Conversando com alguns amigos, vi que todos, eu inclusive, andam pela tampa com economistas e comentaristas econômicos. Reproduzindo um comentário que me fez essa semana o ilustre filósofo Bento Prado Júnior: “Se os economistas soubessem do que falam, seriam ricos!”.

Pior que cada vez ganham mais espaço na mídia e entre políticos. Veja a combinação: pessoas que de pouco entendem, aconselhando pessoas que pouco fazem, mas precisam de base teórica para este “dolce far niente” bem remunerado.

Lembro de previsões econômicas como “no final do século XX teremos um nível tal de automação que não saberemos o que fazer com o tempo livre!” Bonito, né? Mirou no que viu e acertou o que não viu: várias pessoas têm tempo livre, mas por causa do desemprego. E certamente não sabem o que fazer com esse “tempo livre”.

Atualmente, os chutes sobre economia e desemprego continuam e, para piorar, certos pensamentos ecoam: “Temos que aumentar o consumo, para aumentar o emprego, que aumentará o consumo e novamente aumentará o emprego” foi o mote das últimas eleições.

Brilhante! Seria ótimo, se os recursos fossem infinitos, mas não são.

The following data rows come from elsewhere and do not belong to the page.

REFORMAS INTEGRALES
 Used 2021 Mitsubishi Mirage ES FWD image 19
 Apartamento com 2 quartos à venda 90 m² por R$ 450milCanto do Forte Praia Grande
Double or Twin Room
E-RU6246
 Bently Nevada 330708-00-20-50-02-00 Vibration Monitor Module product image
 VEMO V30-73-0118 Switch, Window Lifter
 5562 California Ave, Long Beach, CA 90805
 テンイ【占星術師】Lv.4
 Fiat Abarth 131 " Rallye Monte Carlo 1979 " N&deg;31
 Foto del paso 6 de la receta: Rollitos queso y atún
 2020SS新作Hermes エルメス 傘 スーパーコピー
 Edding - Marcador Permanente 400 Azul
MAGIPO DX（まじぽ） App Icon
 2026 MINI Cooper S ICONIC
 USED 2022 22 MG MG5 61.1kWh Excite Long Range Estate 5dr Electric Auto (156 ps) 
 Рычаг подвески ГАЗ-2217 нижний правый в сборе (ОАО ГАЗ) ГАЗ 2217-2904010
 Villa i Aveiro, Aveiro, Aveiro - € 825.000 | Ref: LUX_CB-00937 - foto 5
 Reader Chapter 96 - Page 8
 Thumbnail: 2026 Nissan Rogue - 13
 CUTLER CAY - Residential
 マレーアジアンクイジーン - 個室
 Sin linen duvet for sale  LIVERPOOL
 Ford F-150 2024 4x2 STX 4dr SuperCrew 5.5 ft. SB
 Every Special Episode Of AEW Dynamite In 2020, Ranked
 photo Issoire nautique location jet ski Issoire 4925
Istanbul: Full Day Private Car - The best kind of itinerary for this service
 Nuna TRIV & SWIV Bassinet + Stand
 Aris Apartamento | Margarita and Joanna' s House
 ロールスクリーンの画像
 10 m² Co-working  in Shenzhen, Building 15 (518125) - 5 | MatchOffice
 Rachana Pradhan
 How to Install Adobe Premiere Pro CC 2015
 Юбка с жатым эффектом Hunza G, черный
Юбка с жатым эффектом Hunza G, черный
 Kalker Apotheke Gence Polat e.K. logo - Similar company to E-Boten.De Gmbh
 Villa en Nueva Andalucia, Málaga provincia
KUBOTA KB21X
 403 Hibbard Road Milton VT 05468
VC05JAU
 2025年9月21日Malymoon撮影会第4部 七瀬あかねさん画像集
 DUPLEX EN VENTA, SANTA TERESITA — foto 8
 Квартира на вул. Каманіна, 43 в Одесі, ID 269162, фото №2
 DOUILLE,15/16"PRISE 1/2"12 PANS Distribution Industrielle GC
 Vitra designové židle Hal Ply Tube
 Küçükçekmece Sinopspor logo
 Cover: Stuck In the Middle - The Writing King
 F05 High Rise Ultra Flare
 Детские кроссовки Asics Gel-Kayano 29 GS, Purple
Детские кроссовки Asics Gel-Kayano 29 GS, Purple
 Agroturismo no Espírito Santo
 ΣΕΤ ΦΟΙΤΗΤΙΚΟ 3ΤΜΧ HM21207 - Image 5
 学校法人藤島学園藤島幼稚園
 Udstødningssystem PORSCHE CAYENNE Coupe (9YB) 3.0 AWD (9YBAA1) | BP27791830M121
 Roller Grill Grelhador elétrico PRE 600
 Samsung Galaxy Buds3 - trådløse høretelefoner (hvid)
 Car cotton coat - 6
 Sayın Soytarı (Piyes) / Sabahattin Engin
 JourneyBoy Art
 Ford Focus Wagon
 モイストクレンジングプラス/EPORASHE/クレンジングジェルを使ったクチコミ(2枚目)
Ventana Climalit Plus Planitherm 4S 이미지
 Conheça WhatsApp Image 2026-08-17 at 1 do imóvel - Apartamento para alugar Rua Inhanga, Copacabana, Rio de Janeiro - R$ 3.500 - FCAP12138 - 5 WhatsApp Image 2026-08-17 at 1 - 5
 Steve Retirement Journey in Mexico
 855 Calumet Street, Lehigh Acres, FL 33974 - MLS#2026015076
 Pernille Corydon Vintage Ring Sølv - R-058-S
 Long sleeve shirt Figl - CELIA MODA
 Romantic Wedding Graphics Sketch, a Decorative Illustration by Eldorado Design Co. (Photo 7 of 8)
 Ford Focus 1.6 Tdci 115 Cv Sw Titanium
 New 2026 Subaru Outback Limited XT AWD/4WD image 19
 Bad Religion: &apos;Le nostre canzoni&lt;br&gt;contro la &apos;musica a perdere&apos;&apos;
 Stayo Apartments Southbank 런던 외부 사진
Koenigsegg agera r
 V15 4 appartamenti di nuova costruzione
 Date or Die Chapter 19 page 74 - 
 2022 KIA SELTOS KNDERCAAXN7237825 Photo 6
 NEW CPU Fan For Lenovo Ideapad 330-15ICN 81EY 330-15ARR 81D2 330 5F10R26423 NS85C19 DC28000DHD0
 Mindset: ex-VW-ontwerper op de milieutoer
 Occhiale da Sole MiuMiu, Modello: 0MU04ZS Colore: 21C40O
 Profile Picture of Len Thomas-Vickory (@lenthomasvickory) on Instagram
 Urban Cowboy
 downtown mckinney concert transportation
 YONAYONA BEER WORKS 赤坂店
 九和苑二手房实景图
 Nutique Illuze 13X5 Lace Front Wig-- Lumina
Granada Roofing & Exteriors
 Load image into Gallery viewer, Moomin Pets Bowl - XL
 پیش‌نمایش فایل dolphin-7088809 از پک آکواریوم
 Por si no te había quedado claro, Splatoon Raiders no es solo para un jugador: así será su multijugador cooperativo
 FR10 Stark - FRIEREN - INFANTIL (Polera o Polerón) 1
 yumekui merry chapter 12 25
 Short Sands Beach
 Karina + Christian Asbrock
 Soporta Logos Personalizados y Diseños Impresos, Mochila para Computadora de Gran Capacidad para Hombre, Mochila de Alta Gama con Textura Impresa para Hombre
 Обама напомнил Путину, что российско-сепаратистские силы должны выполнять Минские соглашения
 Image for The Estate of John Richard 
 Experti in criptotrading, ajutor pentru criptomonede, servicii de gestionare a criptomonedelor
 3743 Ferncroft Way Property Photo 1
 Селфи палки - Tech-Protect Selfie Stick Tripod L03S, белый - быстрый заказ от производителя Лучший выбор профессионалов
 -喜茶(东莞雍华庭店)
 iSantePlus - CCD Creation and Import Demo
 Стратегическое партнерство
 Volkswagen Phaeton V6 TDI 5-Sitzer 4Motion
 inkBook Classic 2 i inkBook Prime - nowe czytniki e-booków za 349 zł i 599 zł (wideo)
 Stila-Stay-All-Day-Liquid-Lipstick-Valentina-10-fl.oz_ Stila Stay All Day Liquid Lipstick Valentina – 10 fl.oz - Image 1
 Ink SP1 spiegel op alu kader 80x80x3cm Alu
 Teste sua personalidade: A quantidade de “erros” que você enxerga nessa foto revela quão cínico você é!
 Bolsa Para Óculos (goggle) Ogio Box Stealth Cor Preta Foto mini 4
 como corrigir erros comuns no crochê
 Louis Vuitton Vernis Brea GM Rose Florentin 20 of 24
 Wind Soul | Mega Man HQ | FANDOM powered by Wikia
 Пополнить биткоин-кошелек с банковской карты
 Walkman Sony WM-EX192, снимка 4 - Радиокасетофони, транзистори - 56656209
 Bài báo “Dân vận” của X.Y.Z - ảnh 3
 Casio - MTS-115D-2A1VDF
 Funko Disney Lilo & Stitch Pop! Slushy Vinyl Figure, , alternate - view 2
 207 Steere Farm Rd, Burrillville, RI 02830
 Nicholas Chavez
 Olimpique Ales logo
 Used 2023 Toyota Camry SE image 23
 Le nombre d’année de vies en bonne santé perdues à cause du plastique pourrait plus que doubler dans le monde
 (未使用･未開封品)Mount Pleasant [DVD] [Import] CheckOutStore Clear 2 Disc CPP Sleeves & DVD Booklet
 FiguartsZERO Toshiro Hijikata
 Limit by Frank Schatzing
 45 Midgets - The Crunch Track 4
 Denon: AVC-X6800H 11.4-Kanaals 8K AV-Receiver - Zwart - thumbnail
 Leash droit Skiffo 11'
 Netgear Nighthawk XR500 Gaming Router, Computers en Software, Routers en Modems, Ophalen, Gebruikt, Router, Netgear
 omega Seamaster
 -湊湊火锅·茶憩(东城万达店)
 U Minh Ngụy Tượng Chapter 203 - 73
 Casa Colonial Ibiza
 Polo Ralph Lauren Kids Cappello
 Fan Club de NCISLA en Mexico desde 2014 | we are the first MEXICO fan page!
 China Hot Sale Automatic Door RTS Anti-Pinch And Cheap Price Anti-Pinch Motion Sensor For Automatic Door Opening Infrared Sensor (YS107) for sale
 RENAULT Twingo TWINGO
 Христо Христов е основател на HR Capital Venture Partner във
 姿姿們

Esse é apenas um exemplo da capacidade, esta sim me parece infinita, de produzir e reproduzir besteiras.

Apenas para citar um exemplo, que creio que boa parte dos economistas saiba, mas não têm coragem de dizer, a principal causa do desemprego: as mulheres. Sim, as mulheres! Retirem-se as mulheres, que entraram em larga escala no mercado de trabalho após a segunda guerra mundial, e passarão a faltar trabalhadores, aumentando assim os empregos e conseqüentemente o salário. Antigamente um pai de família ganhava mais que um casal trabalhando hoje.

Sei que vão me chamar de machista. Tudo bem! Faço outra proposta: saímos nós homens do mercado de trabalho e ficam as mulheres. De minha parte nada tenho contra cuidar das tarefas domésticas e educação dos filhos, fazer compras, administrar o lar e, nas horas vagas, fazer umas comprinhas no shopping, além de ter janelas no horário para academia, piscina etc. Daria também para se dedicar às artes e serviços voluntários e outra infinidade de coisas realmente produtivas.

Vejo aí algumas vantagens aos homens e à sociedade: hoje, segundo as estatísticas, as mulheres vivem mais que os homens, morrem menos do coração, de acidentes etc.; e, por ainda administrarem a casa, creio que as mulheres entendam muito mais da economia real.

Abaixo os economistas, vivas às economistas!